* **Activity**
Please write out the full listing beneath this line exactly, skipping its images.

● ● ●

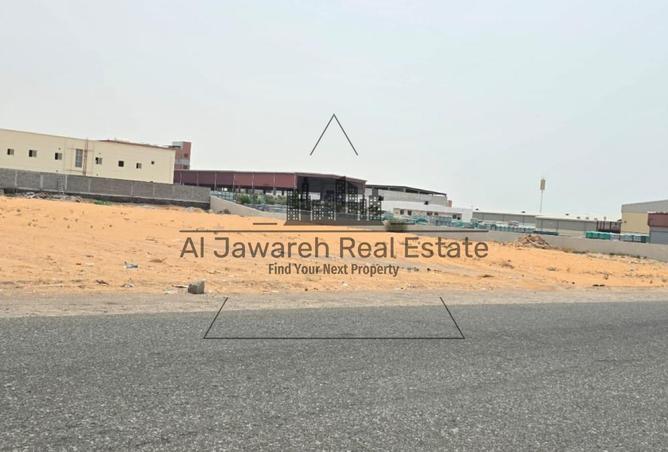 59349214 - صورة العقار 2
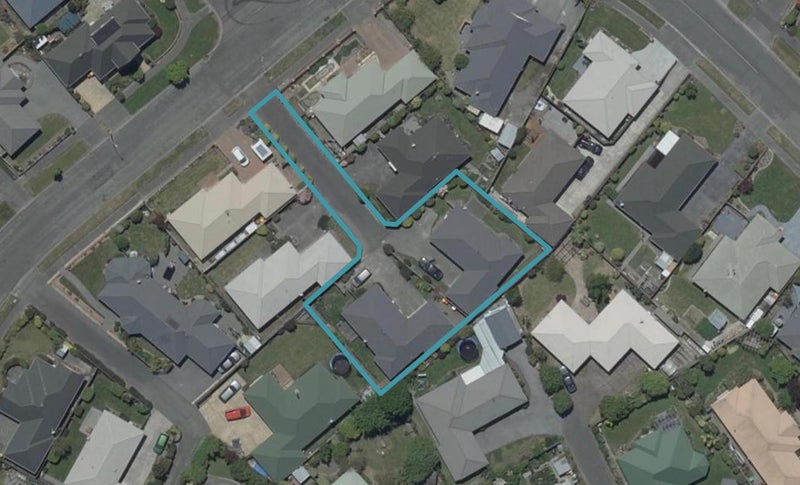 2/21 Bella Rosa Drive, Hei Hei, Christchurch - Carousel 1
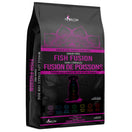 Harlow Blend Fish Fusion Grain-Free Dry Dog Food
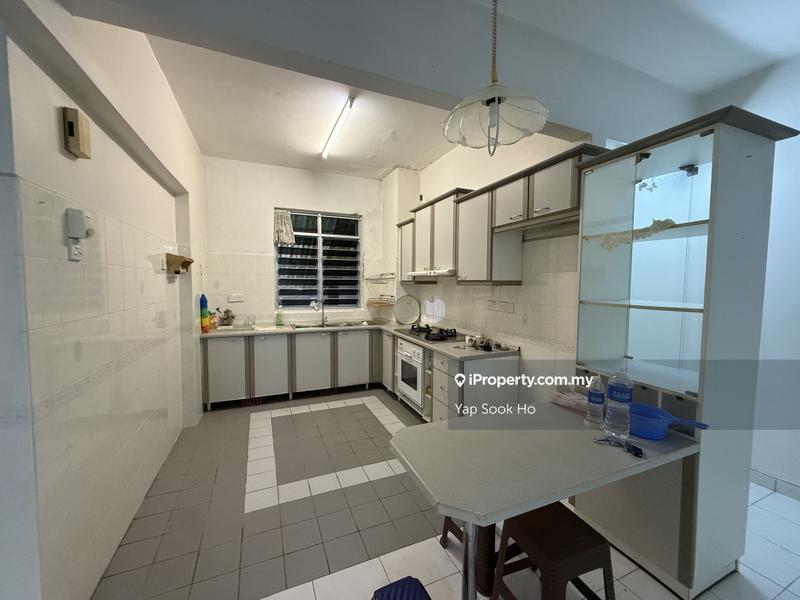 For Sale - Forest Field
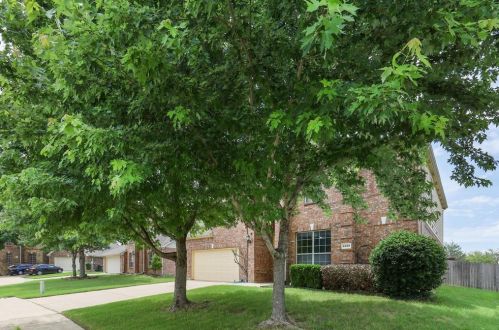 4407 Vista Glen Ct, Midlothian, TX 76063-8691
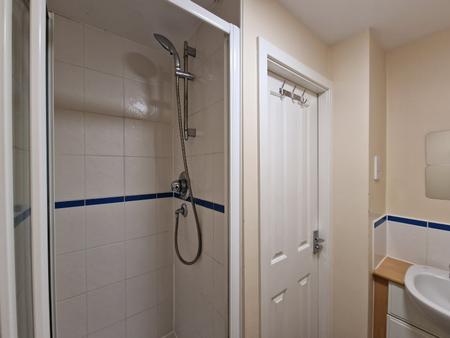 2 bedroom Semi-detached house to let in Purcell Road, Bushbury, WV10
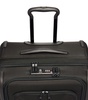 Expandable Suitcase (66cm)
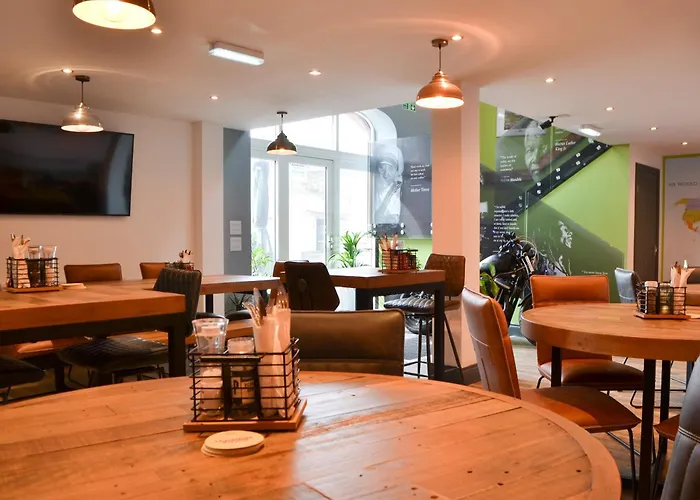 Hannahs Shepherds Hut - Uk43564 Сasa de vacaciones *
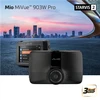 Vaizdo registratorius Mio MiVue™ 903W PRO | 2.5K 1440P HDR | Sony STARVIS 2 sensor | WIFI | GPS | Speedcam | Parking mode | Super-Cap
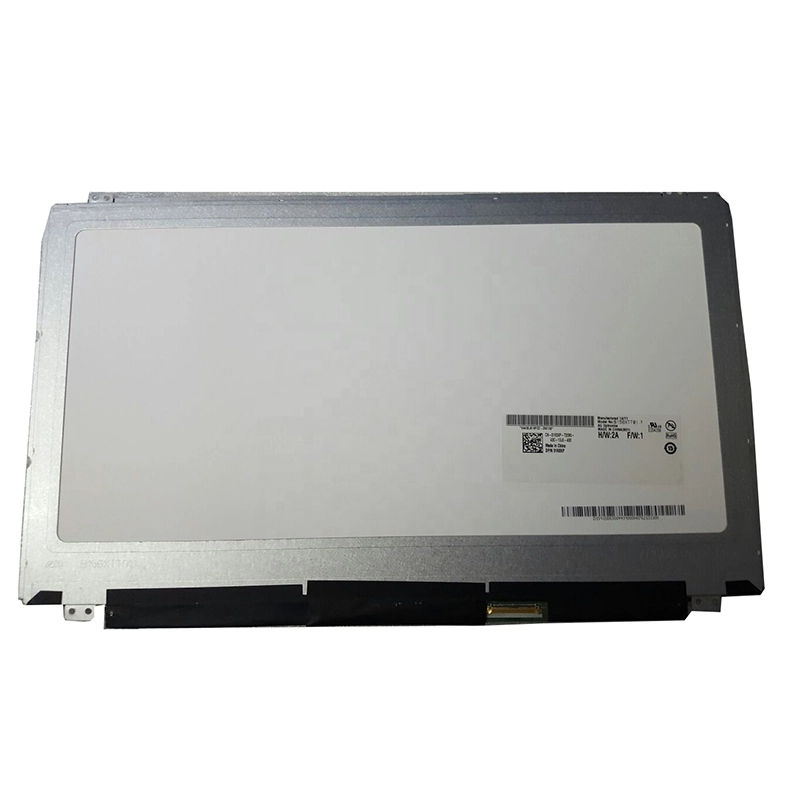 15.6 "NT156WHM-A20 B156XTT01.3 B156XTT01.1 NT156WHM-N33 교체 노트북 LCD 화면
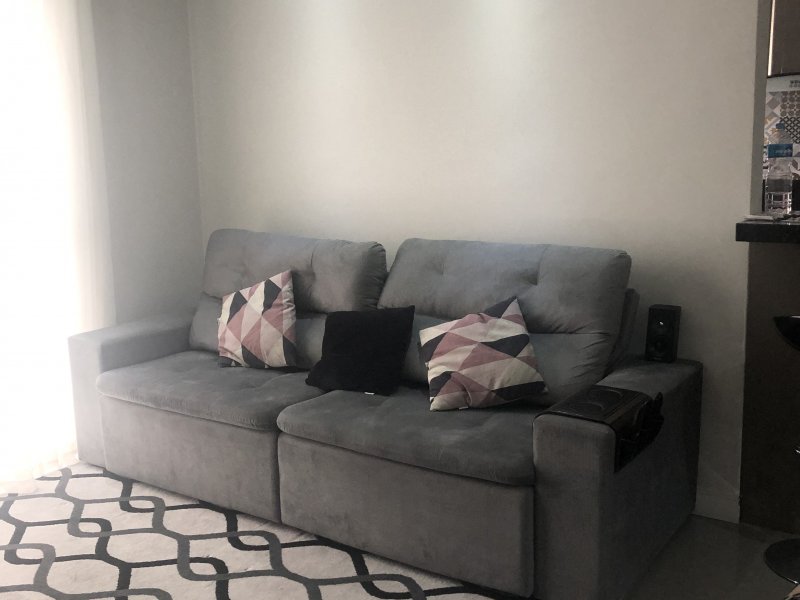 Apartamento à venda Vila Mogilar com 67m² e 2 quartos por R$ 375.000 - 269171703-da397b56-659a-4d14-a04e-e08e536a102b.jpeg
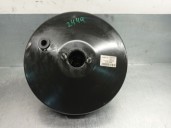 Recambio de servofreno para peugeot 307 (s1) xsi referencia OEM IAM 9643129680 4535L8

● ● ●

* **Answer section**
 59349214 - صورة العقار 2
 2/21 Bella Rosa Drive, Hei Hei, Christchurch - Carousel 1
 Harlow Blend Fish Fusion Grain-Free Dry Dog Food
 For Sale - Forest Field
 4407 Vista Glen Ct, Midlothian, TX 76063-8691
 2 bedroom Semi-detached house to let in Purcell Road, Bushbury, WV10
 Expandable Suitcase (66cm)
 Hannahs Shepherds Hut - Uk43564 Сasa de vacaciones *
 Vaizdo registratorius Mio MiVue™ 903W PRO | 2.5K 1440P HDR | Sony STARVIS 2 sensor | WIFI | GPS | Speedcam | Parking mode | Super-Cap
 15.6 "NT156WHM-A20 B156XTT01.3 B156XTT01.1 NT156WHM-N33 교체 노트북 LCD 화면
 Apartamento à venda Vila Mogilar com 67m² e 2 quartos por R$ 375.000 - 269171703-da397b56-659a-4d14-a04e-e08e536a102b.jpeg
 Recambio de servofreno para peugeot 307 (s1) xsi referencia OEM IAM 9643129680 4535L8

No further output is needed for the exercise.